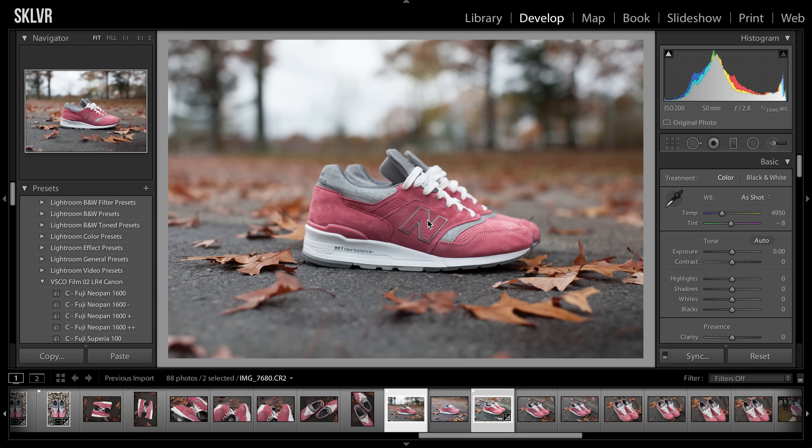What's going on guys? CBlake here. Today I'm sitting with Sam. He'll introduce himself in a second, but we're going over editing sneaker photos in Lightroom.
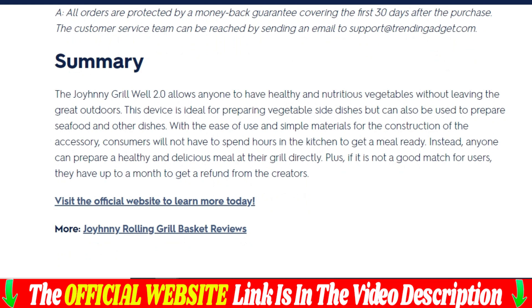So, if you're looking for a way to take your outdoor cooking to the next level, look no further. Trust me, after trying it, you'll wonder how you lived without it. And why have so many people chosen it?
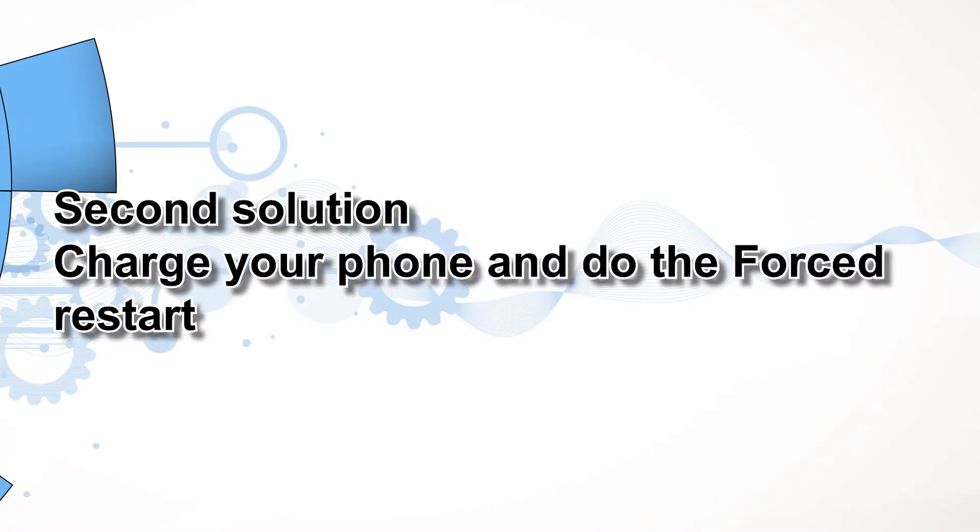Second solution: charge your phone and do the forced restart. You should do this procedure if your phone has died and won't respond anymore, because it's possible that it's due to a drained battery. Sometimes the firmware may crash if you let your phone run out of juice. As a result, you'll be dealing with a couple of minor issues that both leave your phone unresponsive. To rule out such a possibility, here's what you should do.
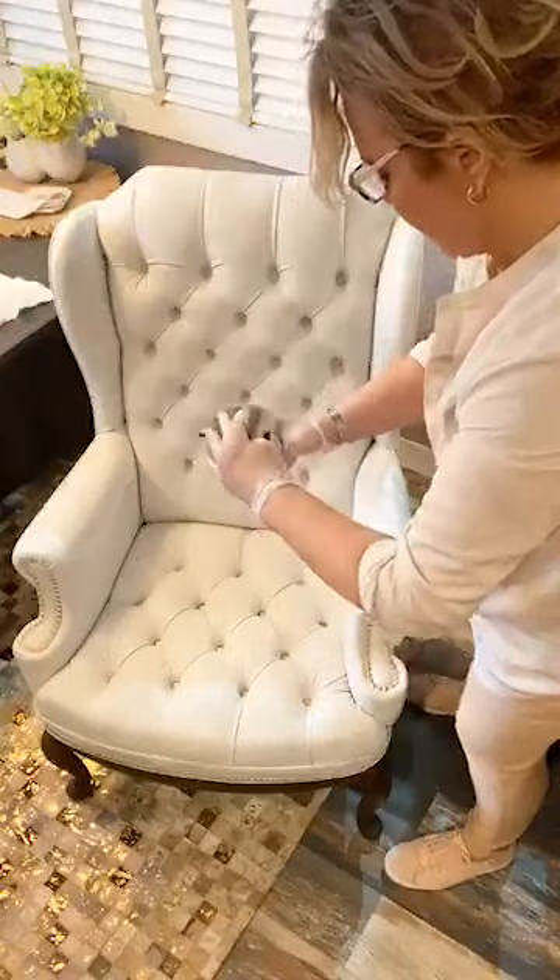I'm getting down into the seams I didn't get into really well before. But hey — look at how this chair has held up. Anybody would be happy with this. You couldn't touch this up if you hadn't painted it originally. If you had just bought white leather or white upholstery, you'd just be stuck. I had a white sectional one time in my home that I paid a lot of money for.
══════
Work item:
Could you return the listing above exactly, minus its pictures?

Solution:
What's going on guys? CBlake here. Today I'm sitting with Sam. He'll introduce himself in a second, but we're going over editing sneaker photos in Lightroom.
So, if you're looking for a way to take your outdoor cooking to the next level, look no further. Trust me, after trying it, you'll wonder how you lived without it. And why have so many people chosen it?
Second solution: charge your phone and do the forced restart. You should do this procedure if your phone has died and won't respond anymore, because it's possible that it's due to a drained battery. Sometimes the firmware may crash if you let your phone run out of juice. As a result, you'll be dealing with a couple of minor issues that both leave your phone unresponsive. To rule out such a possibility, here's what you should do.
I'm getting down into the seams I didn't get into really well before. But hey — look at how this chair has held up. Anybody would be happy with this. You couldn't touch this up if you hadn't painted it originally. If you had just bought white leather or white upholstery, you'd just be stuck. I had a white sectional one time in my home that I paid a lot of money for.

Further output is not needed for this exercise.